Records for processing -
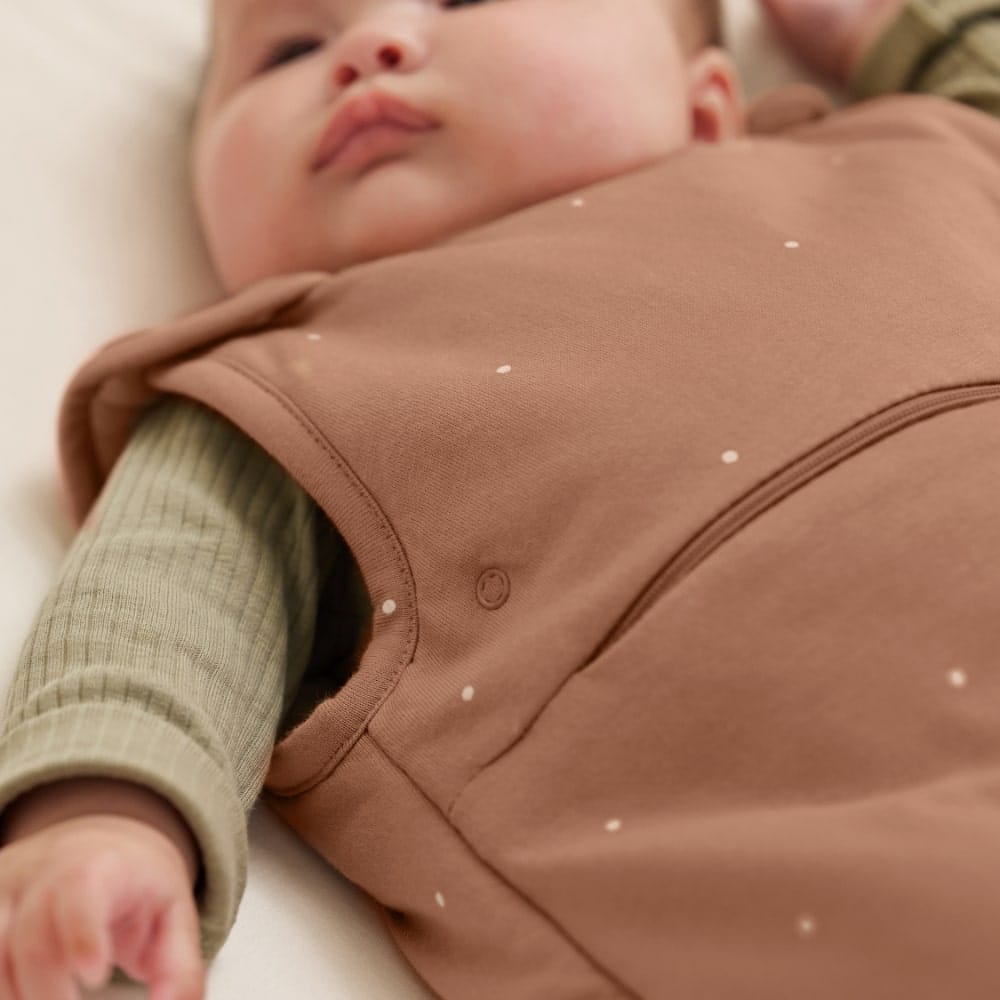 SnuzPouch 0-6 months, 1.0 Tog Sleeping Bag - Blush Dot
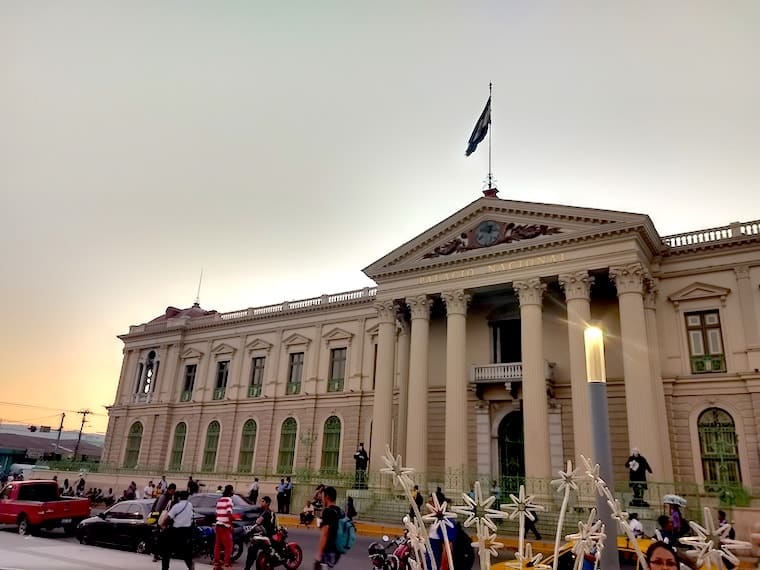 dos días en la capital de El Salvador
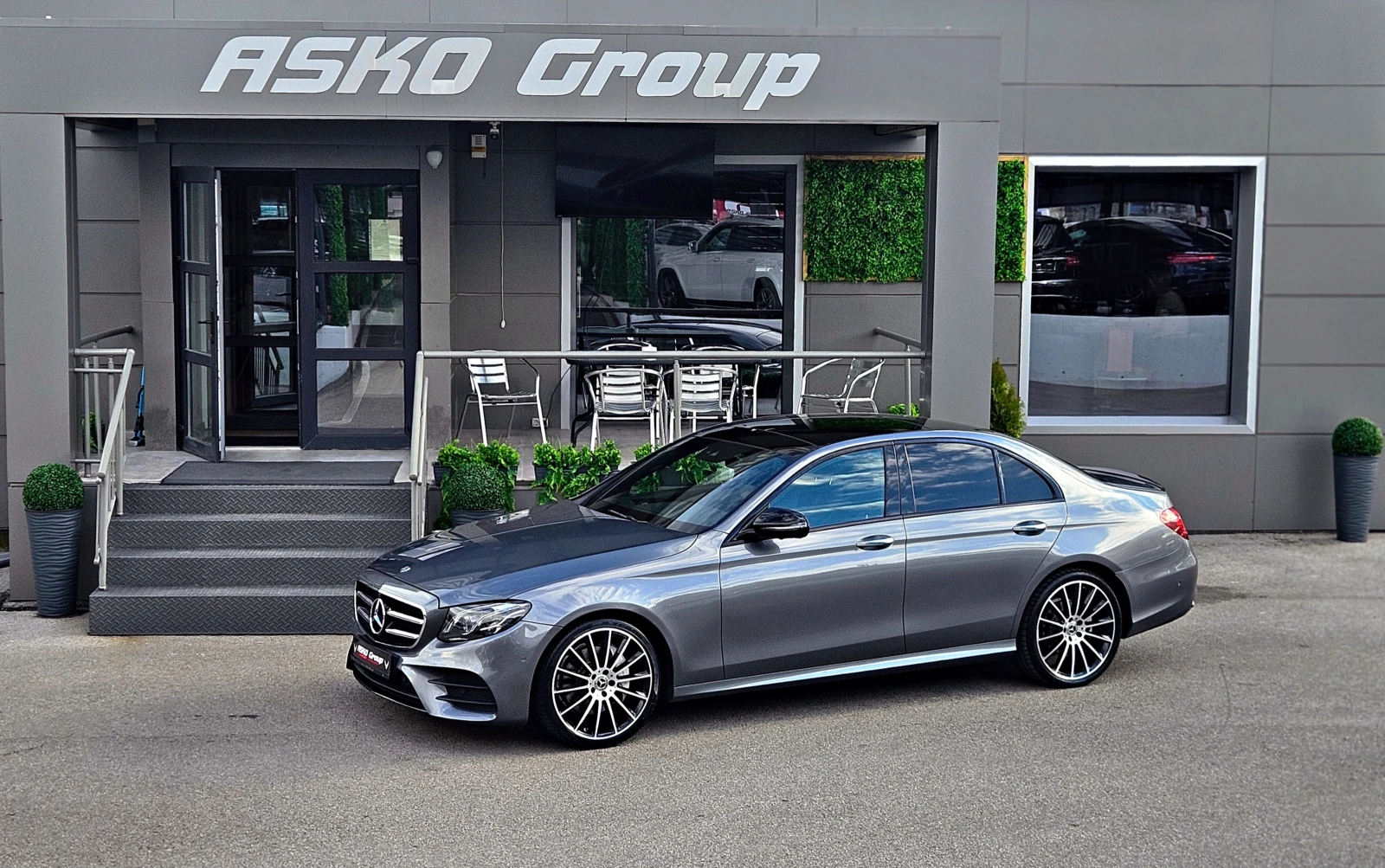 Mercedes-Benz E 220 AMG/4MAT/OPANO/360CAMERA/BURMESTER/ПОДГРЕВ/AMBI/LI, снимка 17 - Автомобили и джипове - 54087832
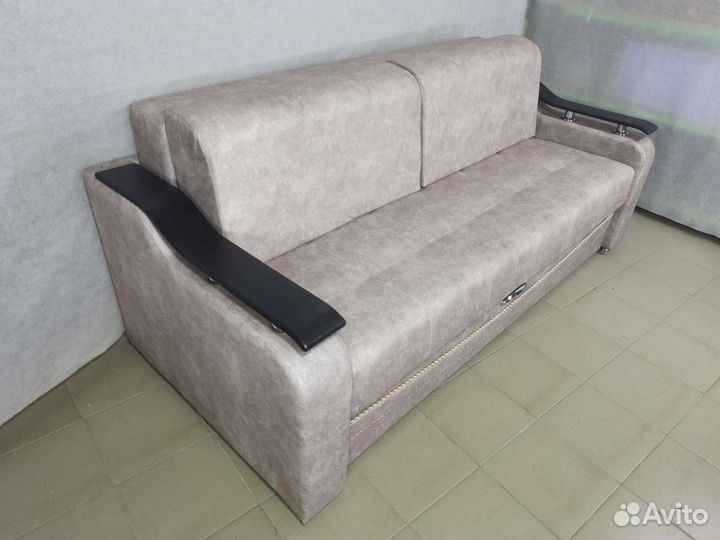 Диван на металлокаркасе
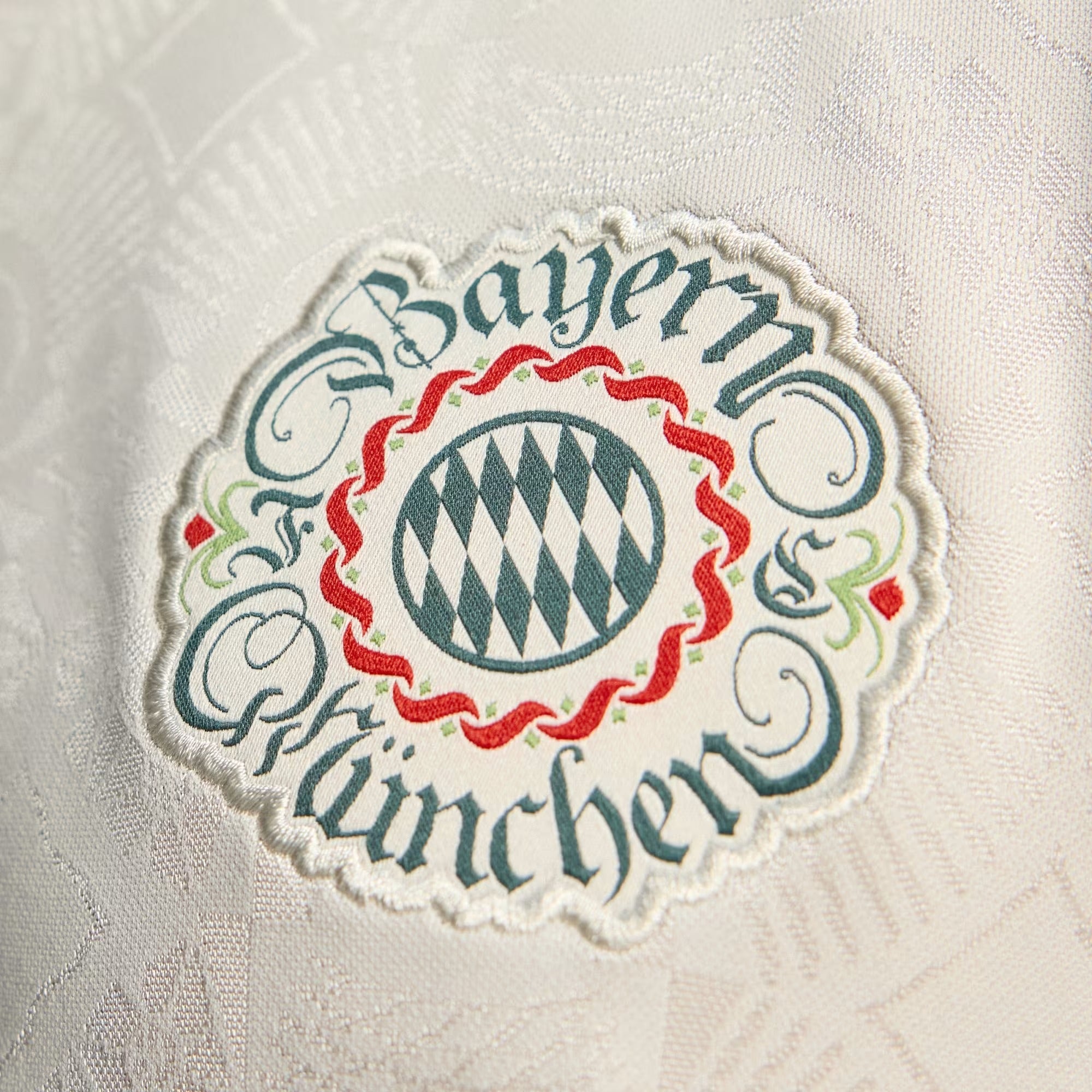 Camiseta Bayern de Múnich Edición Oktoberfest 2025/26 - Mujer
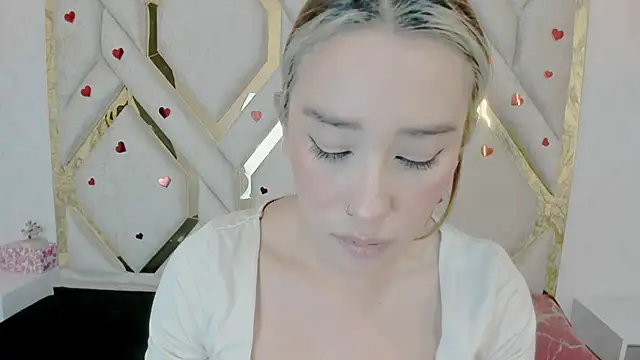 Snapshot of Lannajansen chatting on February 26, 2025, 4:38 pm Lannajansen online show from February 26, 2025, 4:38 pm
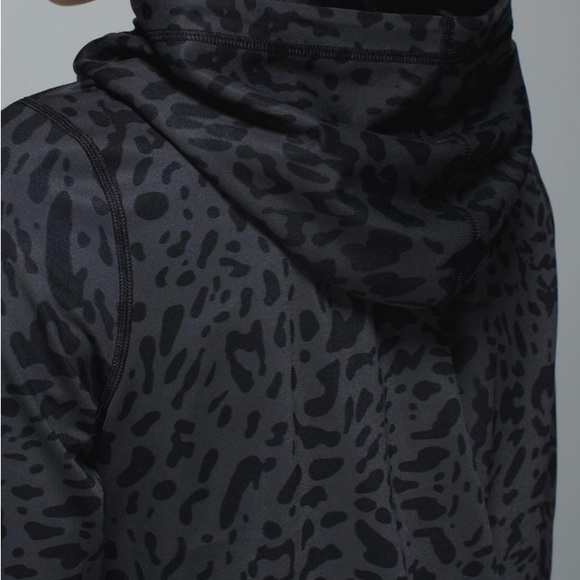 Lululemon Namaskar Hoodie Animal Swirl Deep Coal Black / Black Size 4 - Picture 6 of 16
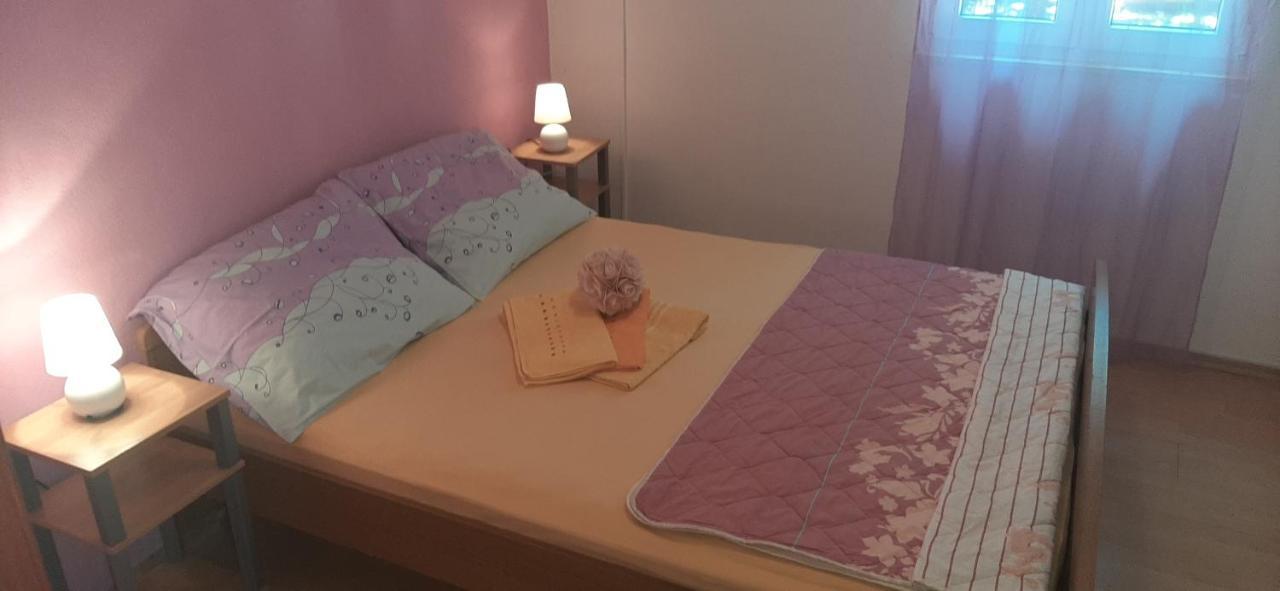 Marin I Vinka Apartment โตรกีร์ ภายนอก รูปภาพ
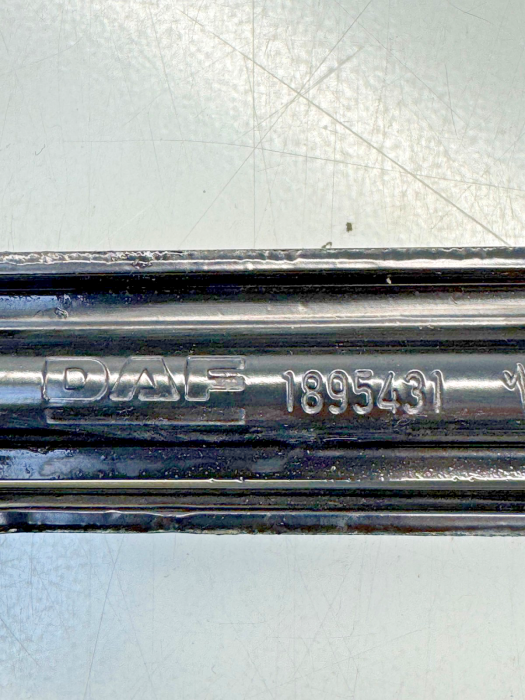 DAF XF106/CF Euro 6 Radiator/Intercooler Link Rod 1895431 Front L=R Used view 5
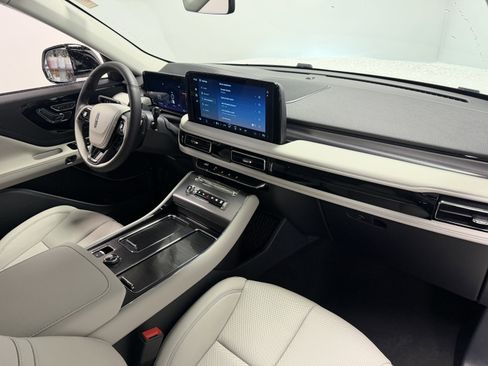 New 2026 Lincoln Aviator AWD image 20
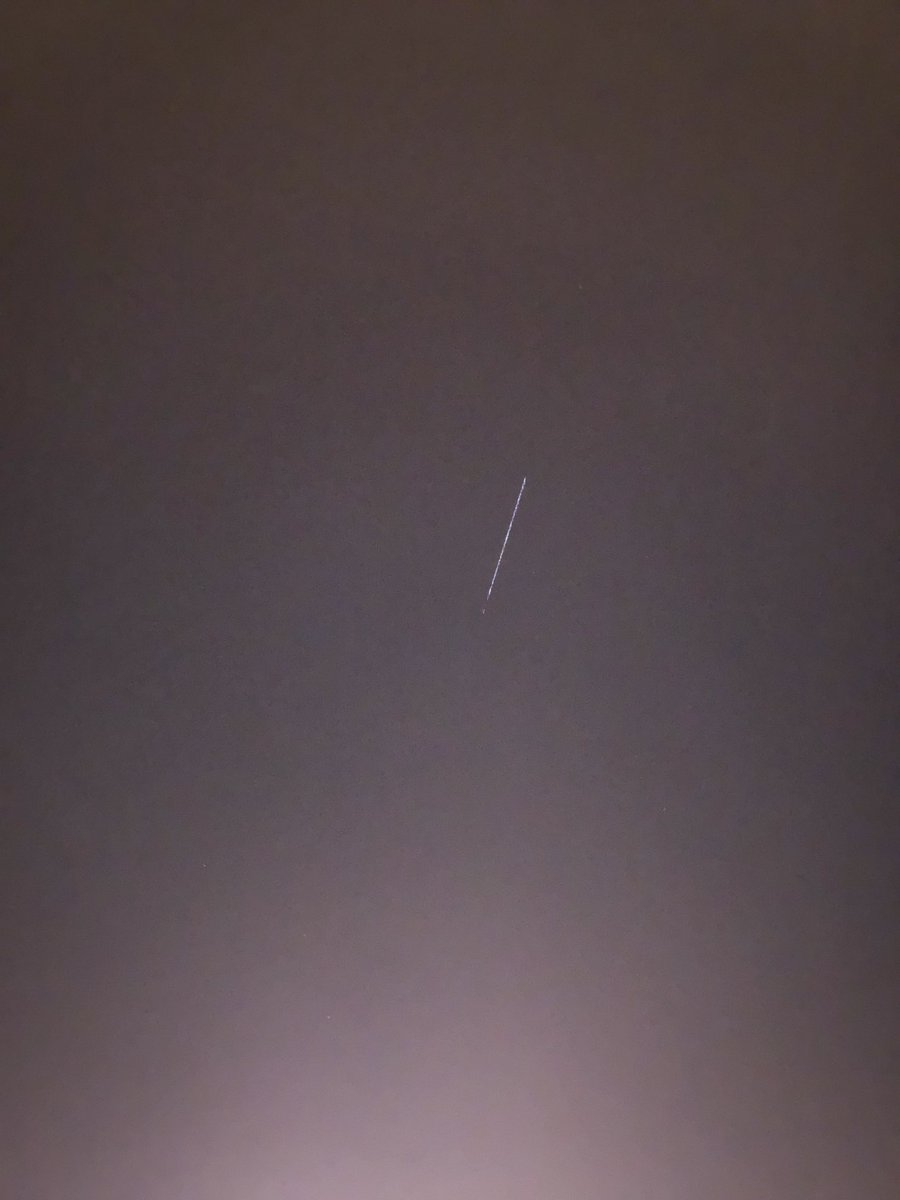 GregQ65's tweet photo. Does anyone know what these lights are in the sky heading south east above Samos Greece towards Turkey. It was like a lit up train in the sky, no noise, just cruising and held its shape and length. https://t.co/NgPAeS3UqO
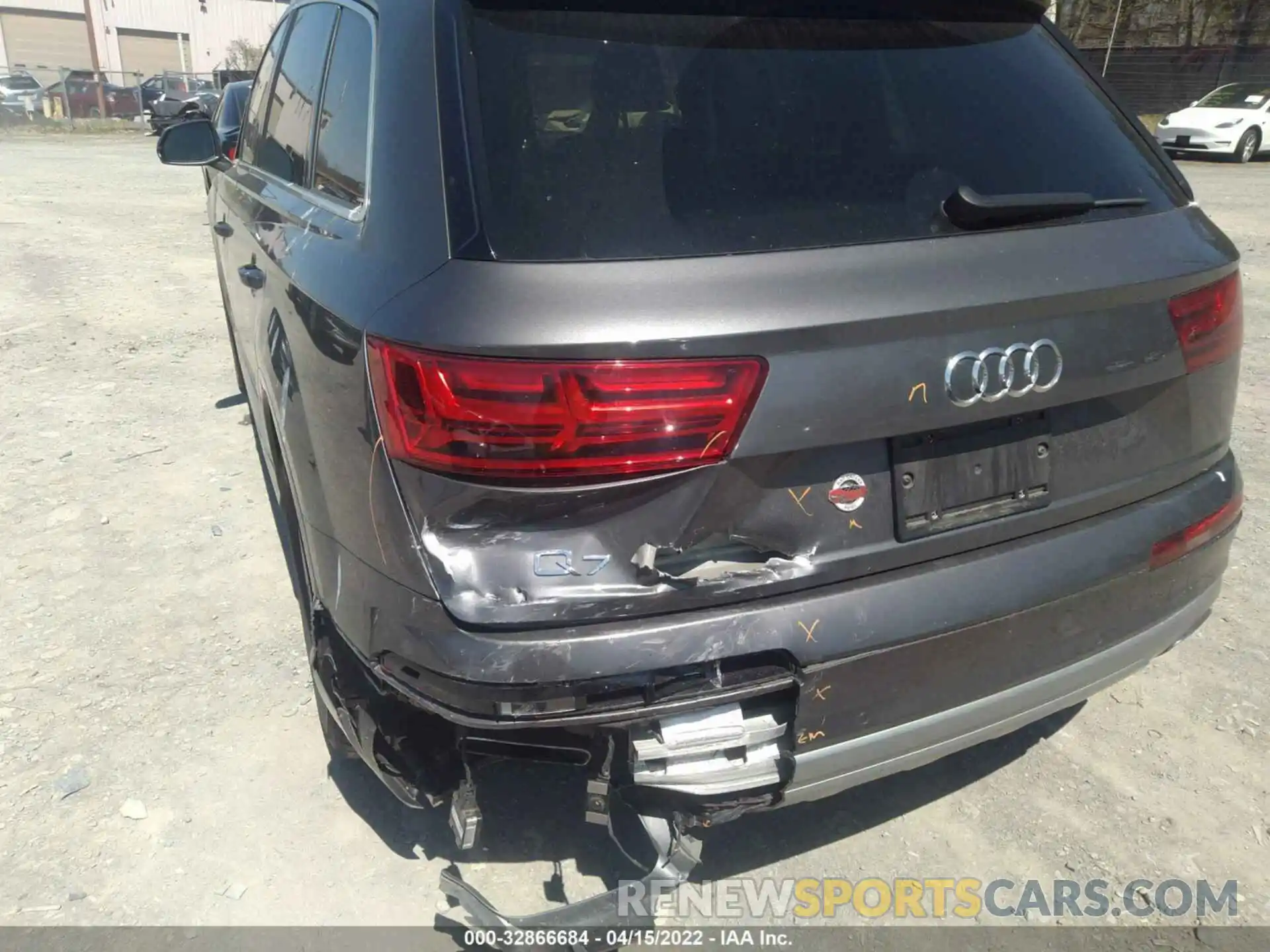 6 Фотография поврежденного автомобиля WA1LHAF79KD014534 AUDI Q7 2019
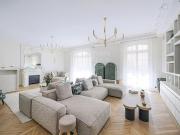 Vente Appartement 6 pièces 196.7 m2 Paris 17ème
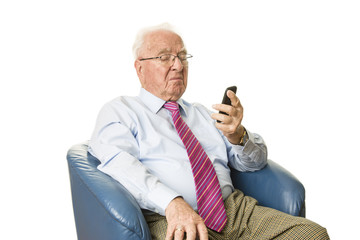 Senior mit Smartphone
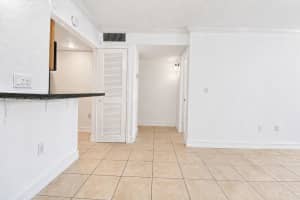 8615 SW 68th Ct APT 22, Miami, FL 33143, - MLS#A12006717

Exercise description - Within the listing above, the stretch from the line with "dos días en la capital de El Salvador" down to the line with "Marin I Vinka" is to be given again exactly, end lines included and pictures excluded.

Output for this task -
 dos días en la capital de El Salvador
 Mercedes-Benz E 220 AMG/4MAT/OPANO/360CAMERA/BURMESTER/ПОДГРЕВ/AMBI/LI, снимка 17 - Автомобили и джипове - 54087832
 Диван на металлокаркасе
 Camiseta Bayern de Múnich Edición Oktoberfest 2025/26 - Mujer
 Snapshot of Lannajansen chatting on February 26, 2025, 4:38 pm Lannajansen online show from February 26, 2025, 4:38 pm
 Lululemon Namaskar Hoodie Animal Swirl Deep Coal Black / Black Size 4 - Picture 6 of 16
 Marin I Vinka Apartment โตรกีร์ ภายนอก รูปภาพ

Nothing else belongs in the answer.